If I have a bag like so:

 ({(11983070,39010451,1139539437),(11983070,53425518,11000)})

I want to select the whole bag which has the MAX last value ($2) but can only get the MAX value on its own with each of the bags.

I would like the output to be

{(11983070,39010451,1139539437)}

But cannot get it to work. Any idea?

Allan Macmillan
  • 1,481
  • 3
  • 18
  • 30

2 Answers2

1

The idea would be to first find the MAX, then add the MAX value as an extra column and then filter out all rows which do not satisfy $2==$maxValue.

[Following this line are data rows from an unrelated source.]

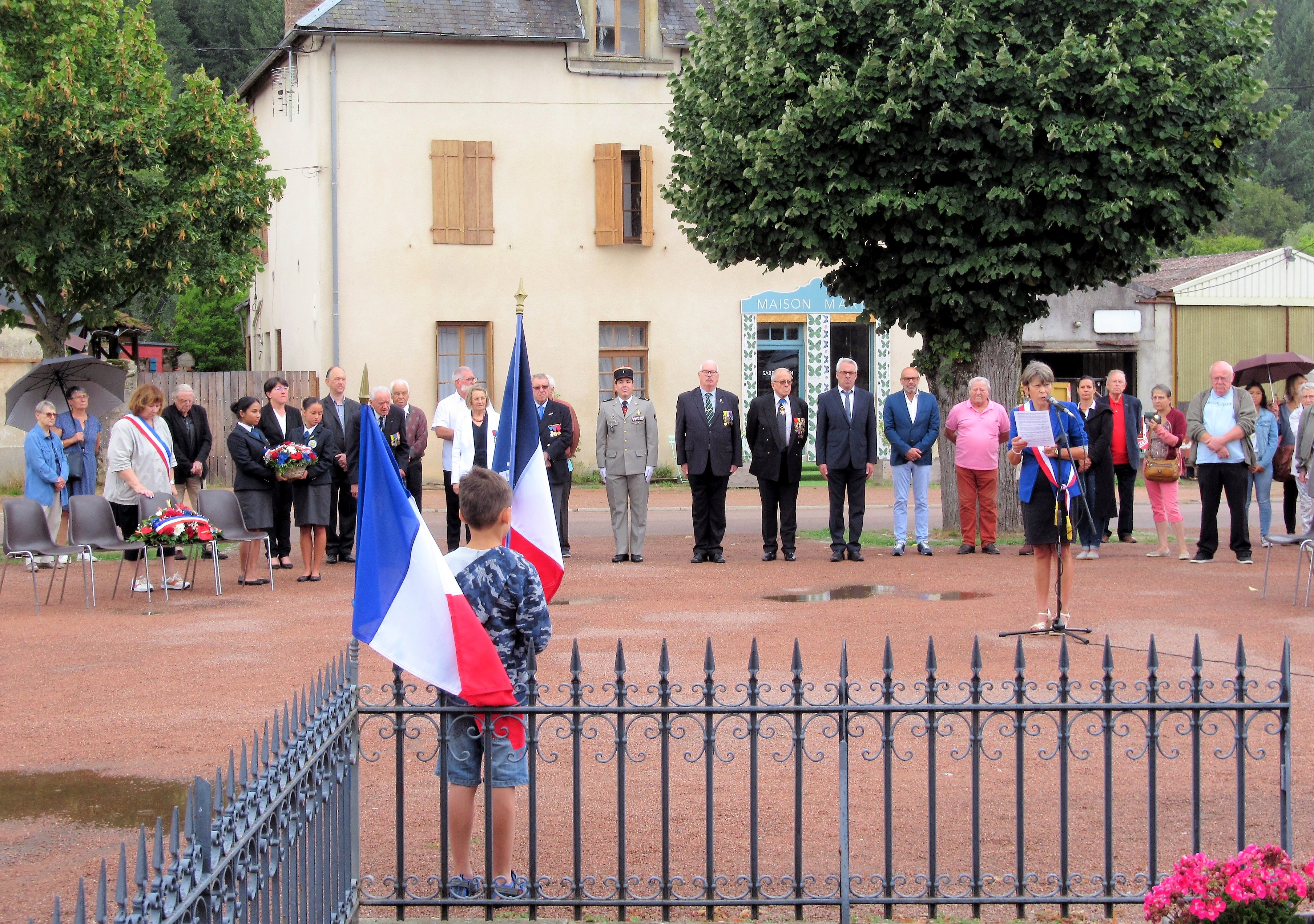 assistance à la cérémonie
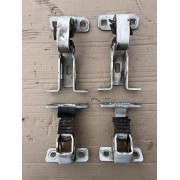 Петля задньої розпашної дверки , права ліва , низ верх, Renaut Logan MCV, 6001548848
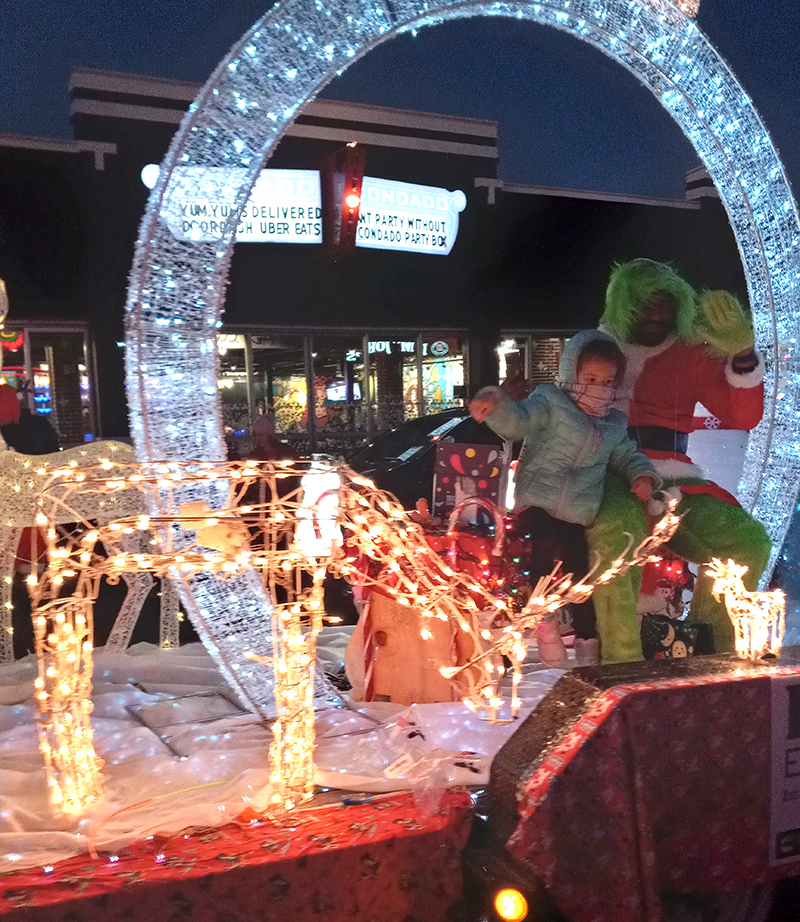 Frog's Random Rippling - Lights Up Parade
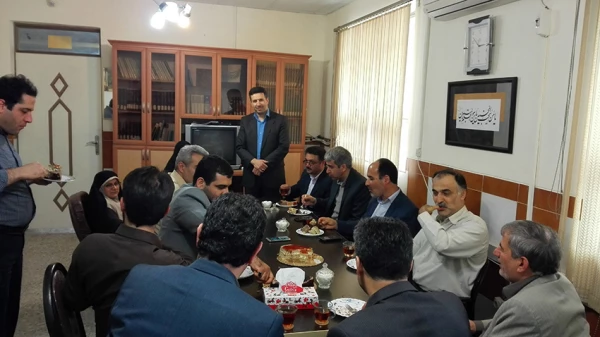 تقارن جشن روز معلم همزمان با تولد مهندس نوروزی مسئول هوشمندساز ی پردیس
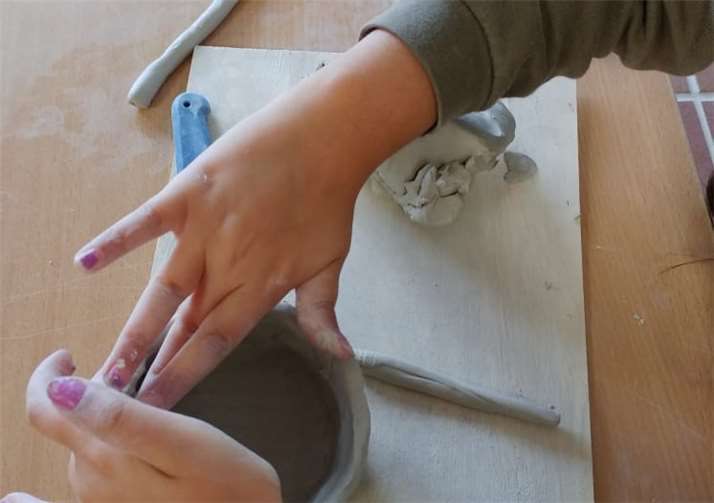 Die Kinder hatten viel Spaß in der Töpferwerkstadt.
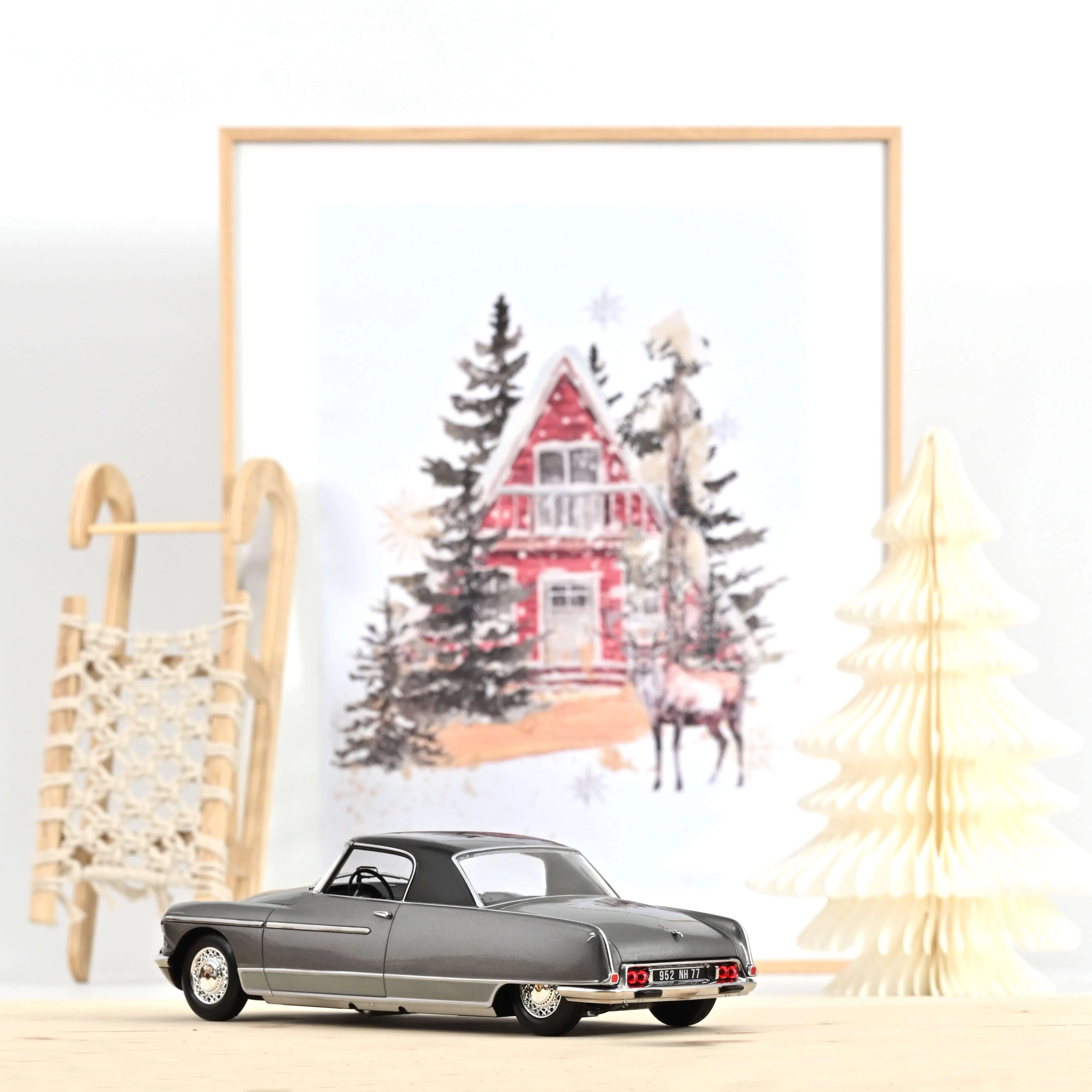 Citroën DS 19 Le Dandy 1964 Gris et Noir 1/18 - 300pcs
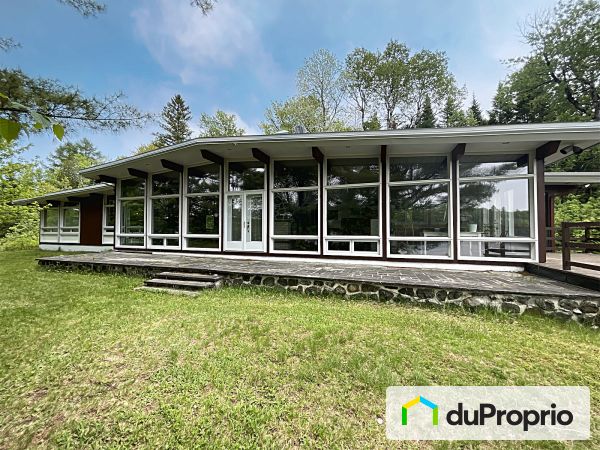4, chemin Fridolin-Simard, Estérel à vendre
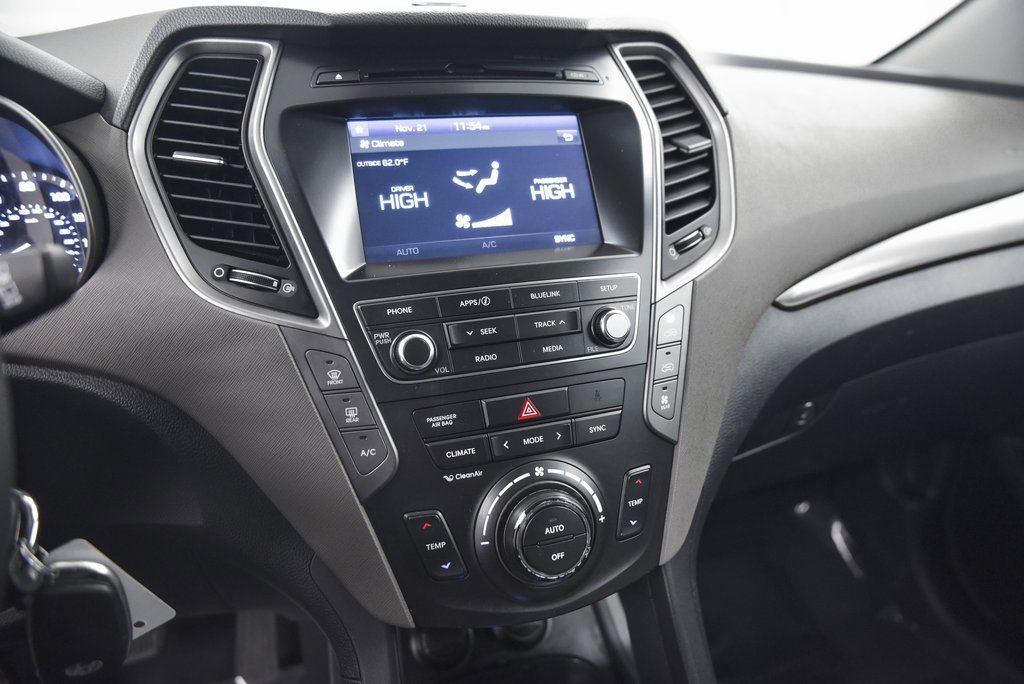 Used 2017 Hyundai Santa Fe SE image 20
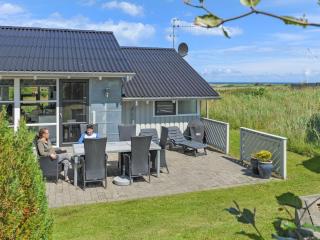 Holiday Home Mathias - 625m from the sea by Interhome - 0
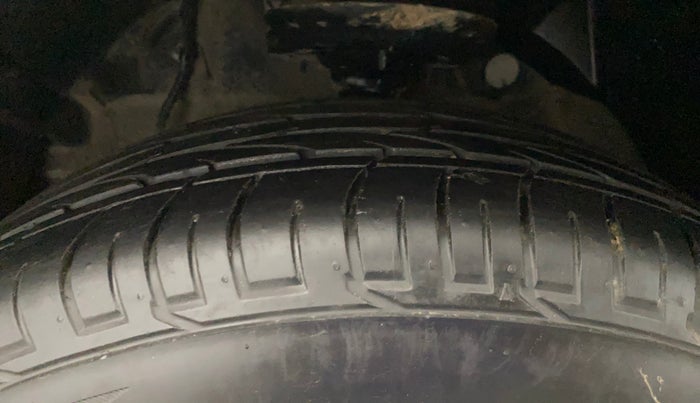 2022 Mahindra XUV300 W6 1.2 PETROL, Petrol, Manual, 26,436 km, Left Front Tyre Tread
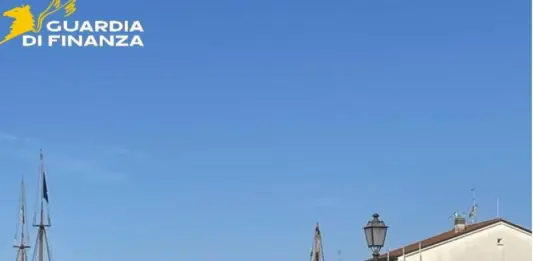 Alla Mille Miglia presenti due autovetture storiche delle Fiamme Gialle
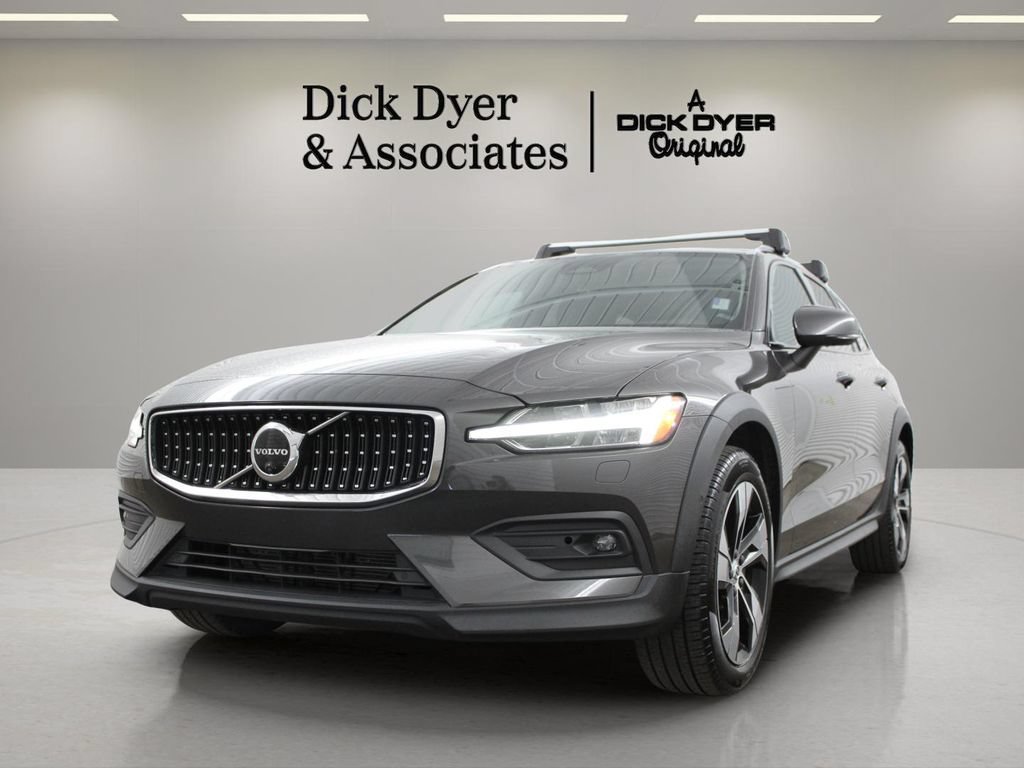 Certified 2023 Volvo V60 B5 Cross Country Plus w/ Climate Package AWD/4WD image 5
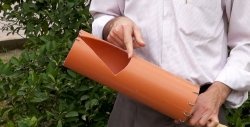 Un semplice dispositivo per raccogliere la frutta dall'alto da un tubo in PVC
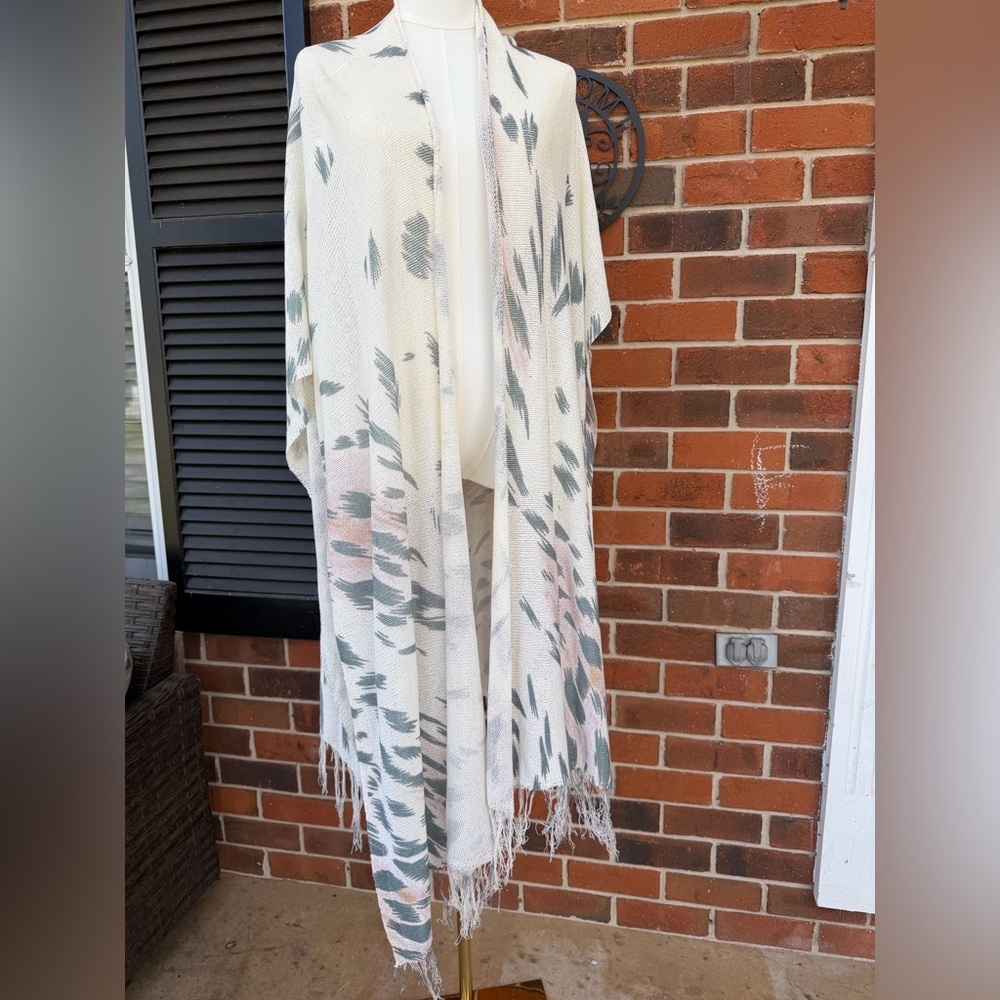 Lightweight Cream and Gray Floral Kimono With Fringe Details - Picture 2 of 4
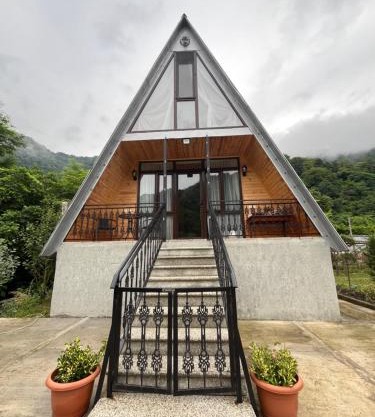 Lunea Cottage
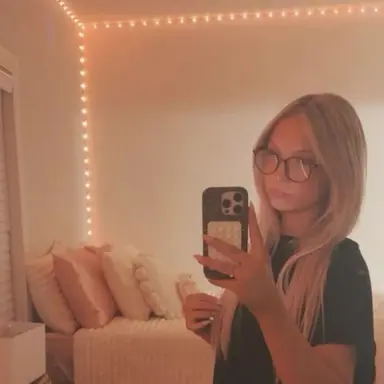 Profile image of Amy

Following rough code - adapted from this solution

records = LOAD 'input.txt'  AS (first:int, second:int, third:int);
records_group = GROUP records ALL;
with_max = FOREACH records_group 
       GENERATE
           FLATTEN(records.(first, second, third)), MAX(records.third) as max_third;
max_row = FILTER with_max BY records.third == max_third
Community
  • 1
  • 1
Bharat Jain
  • 654
  • 4
  • 6
1

Though you can do this in pure pig, using a UDF should be more efficient. It is also pretty straightforward:

myudfs.py

#!/usr/bin/python

@outputschema('Values:{(first:int, second:int, third:int)}')
def get_max(BAG)
    v = max(BAG, key=lambda x: x[2])

    # Since you want it to return in a bag, v needs to be in a list
    return [v]

Pig Script

REGISTER 'myudfs.py' USING jython AS myudfs ;

-- A is your input
B = FOREACH A GENERATE myudfs.get_max(my_input_bag) ;
mr2ert
  • 5,146
  • 1
  • 21
  • 32